TASK TO CARRY OUT:
Please give back, exactly as written, the lines from the line with "Y324-2　江戸初期 古瀬戸絵 瀬戸皿 直径22cm　FF" to the line with "Master the Art" in the listing below, leaving out all pictures.
======== RECORDS FOR THE EXERCISE ========
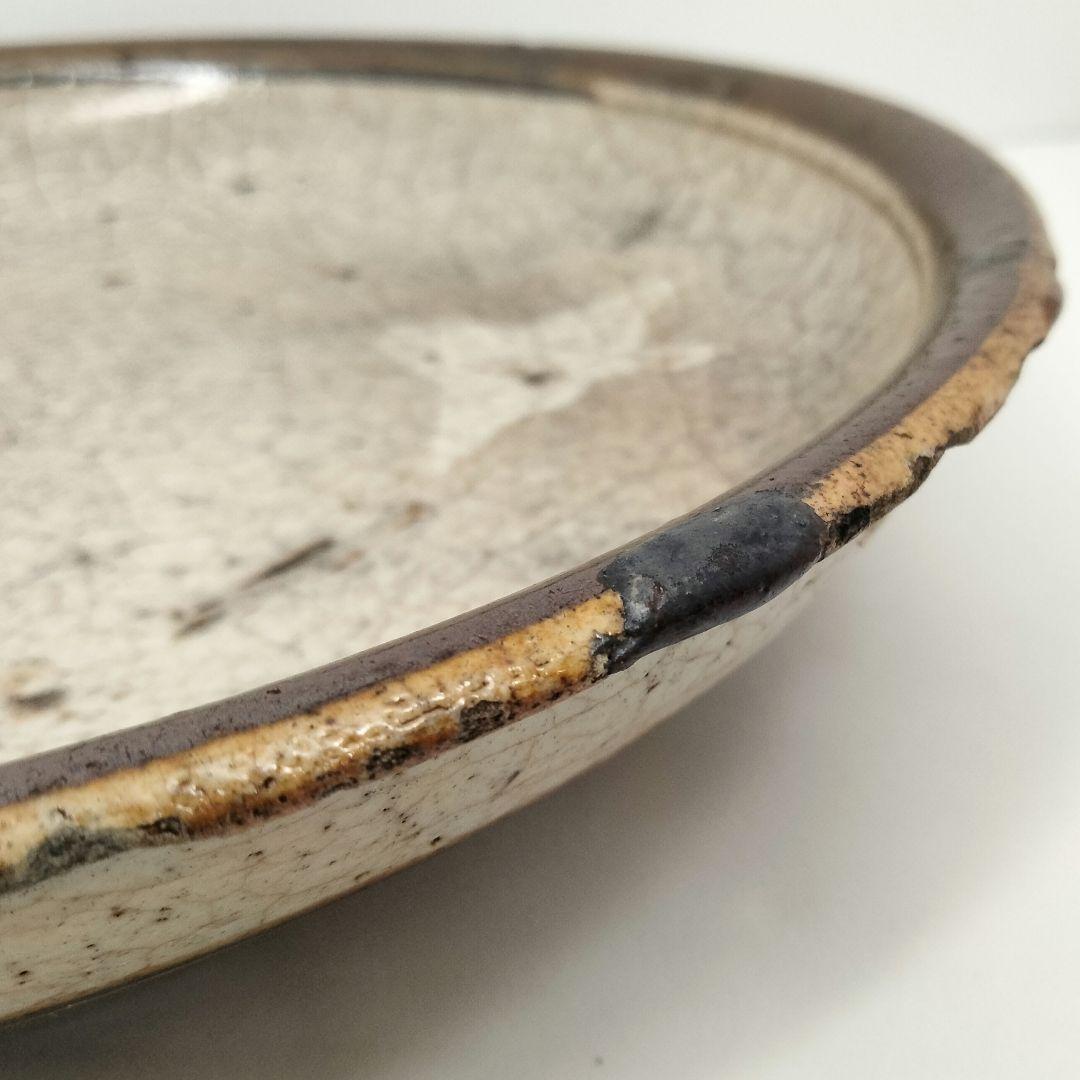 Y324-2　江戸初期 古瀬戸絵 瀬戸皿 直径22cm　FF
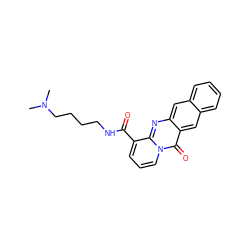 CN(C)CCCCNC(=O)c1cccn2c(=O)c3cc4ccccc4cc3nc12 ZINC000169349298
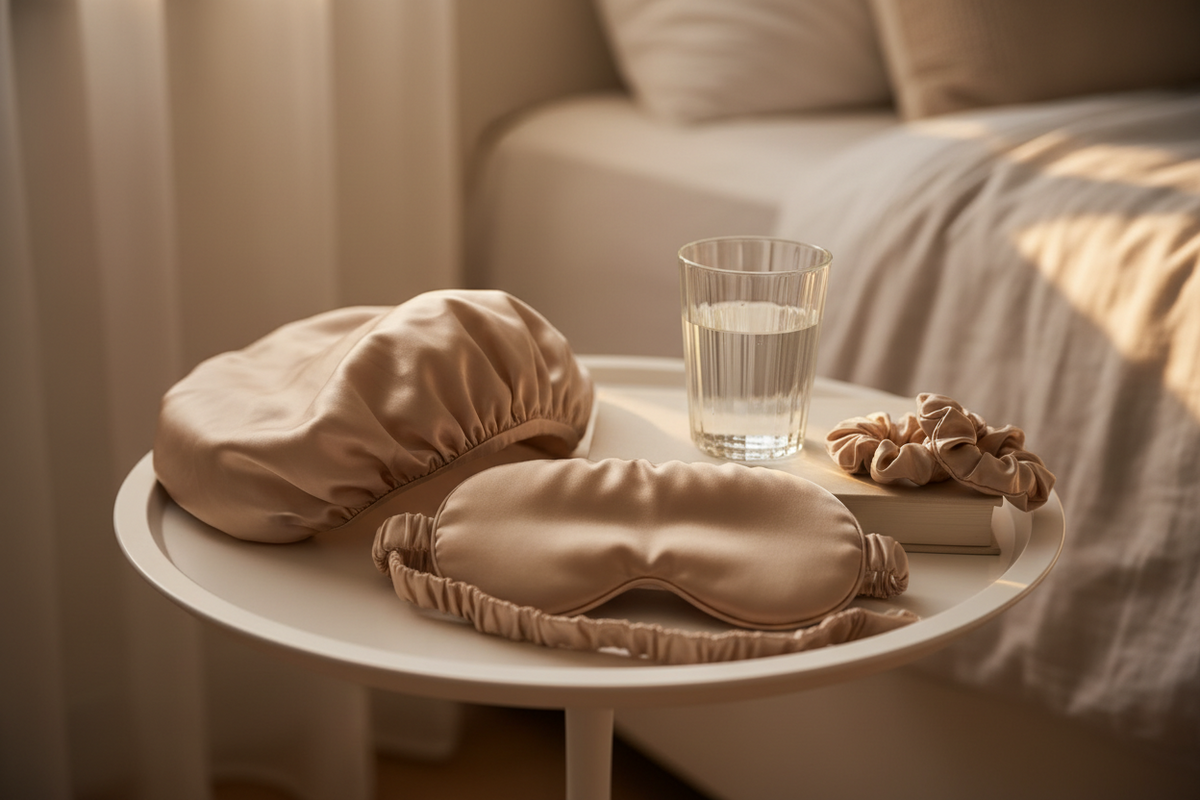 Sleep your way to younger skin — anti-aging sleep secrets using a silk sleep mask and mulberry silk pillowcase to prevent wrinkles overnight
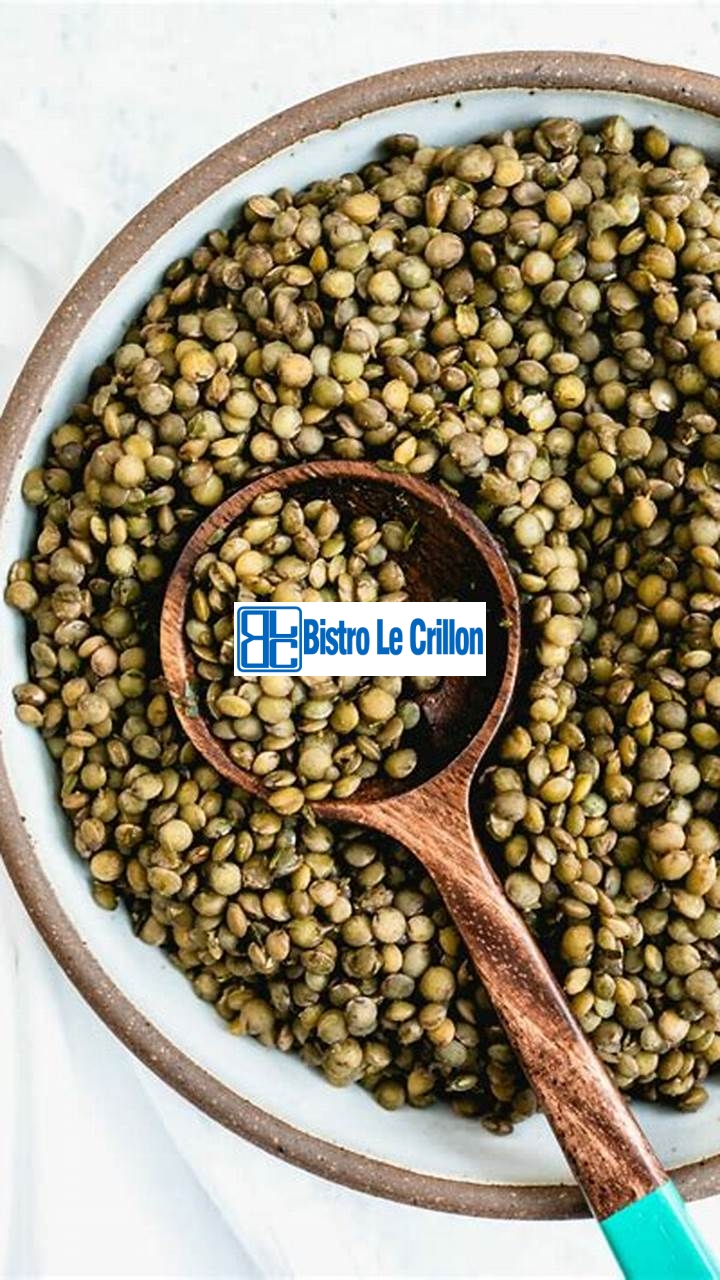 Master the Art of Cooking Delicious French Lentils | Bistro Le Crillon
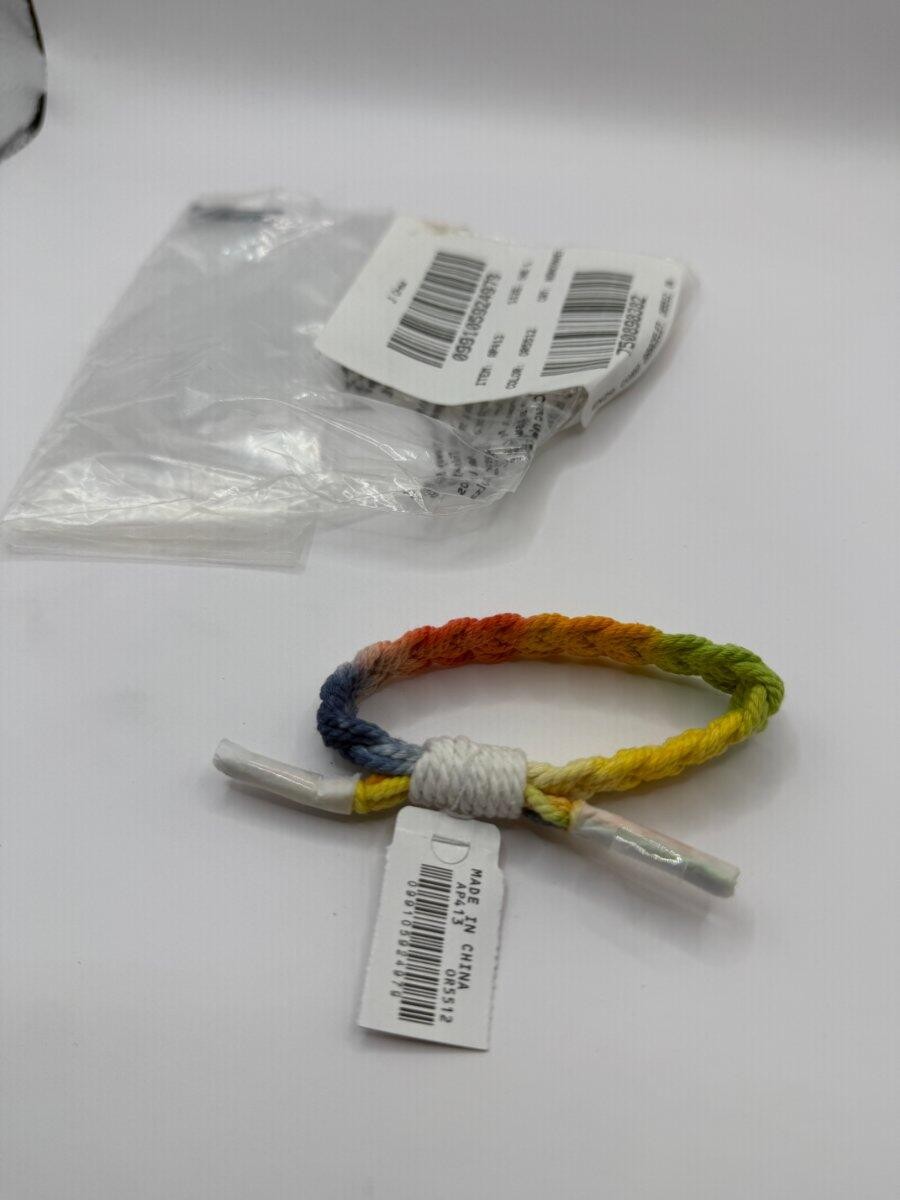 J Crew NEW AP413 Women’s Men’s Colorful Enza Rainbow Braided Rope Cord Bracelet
========
======== RECORDS FOR THE EXERCISE ========
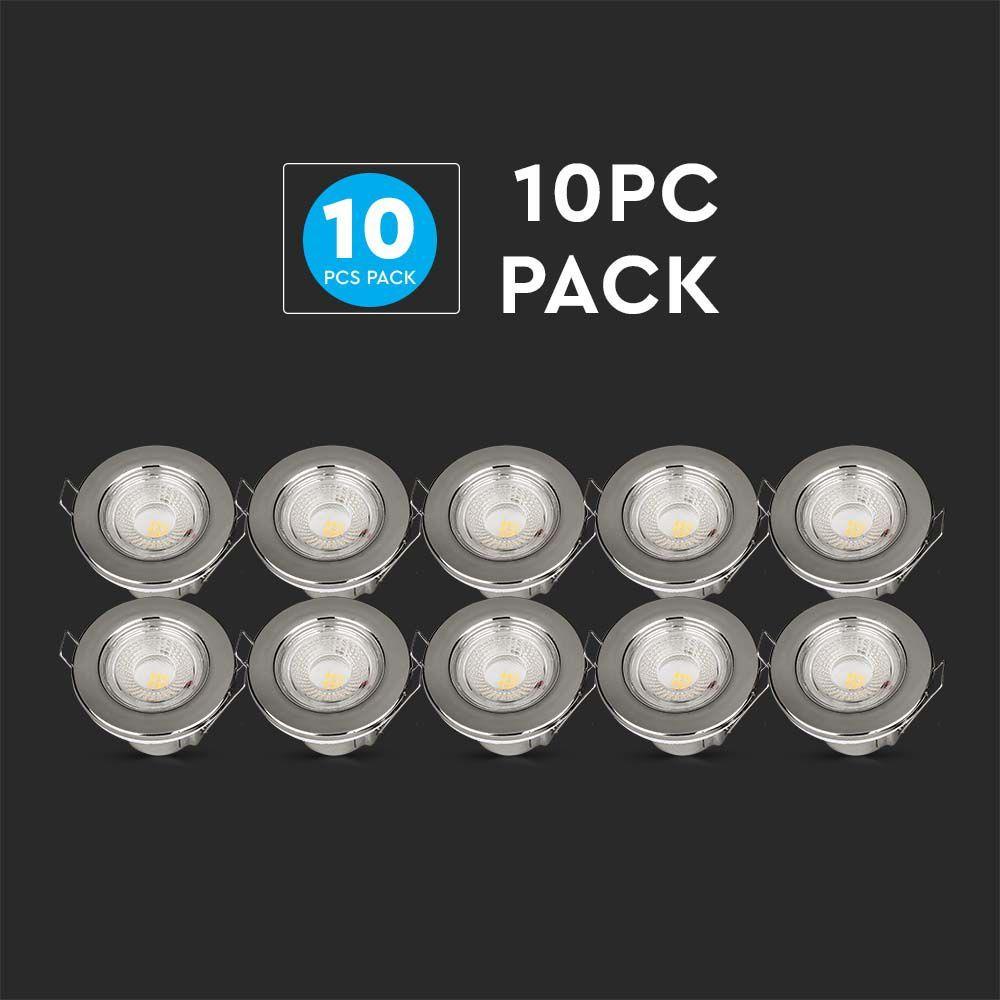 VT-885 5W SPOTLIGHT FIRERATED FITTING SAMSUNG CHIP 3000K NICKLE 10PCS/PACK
========
WRITTEN RESPONSE:
 Y324-2　江戸初期 古瀬戸絵 瀬戸皿 直径22cm　FF
 CN(C)CCCCNC(=O)c1cccn2c(=O)c3cc4ccccc4cc3nc12 ZINC000169349298
 Sleep your way to younger skin — anti-aging sleep secrets using a silk sleep mask and mulberry silk pillowcase to prevent wrinkles overnight
 Master the Art of Cooking Delicious French Lentils | Bistro Le Crillon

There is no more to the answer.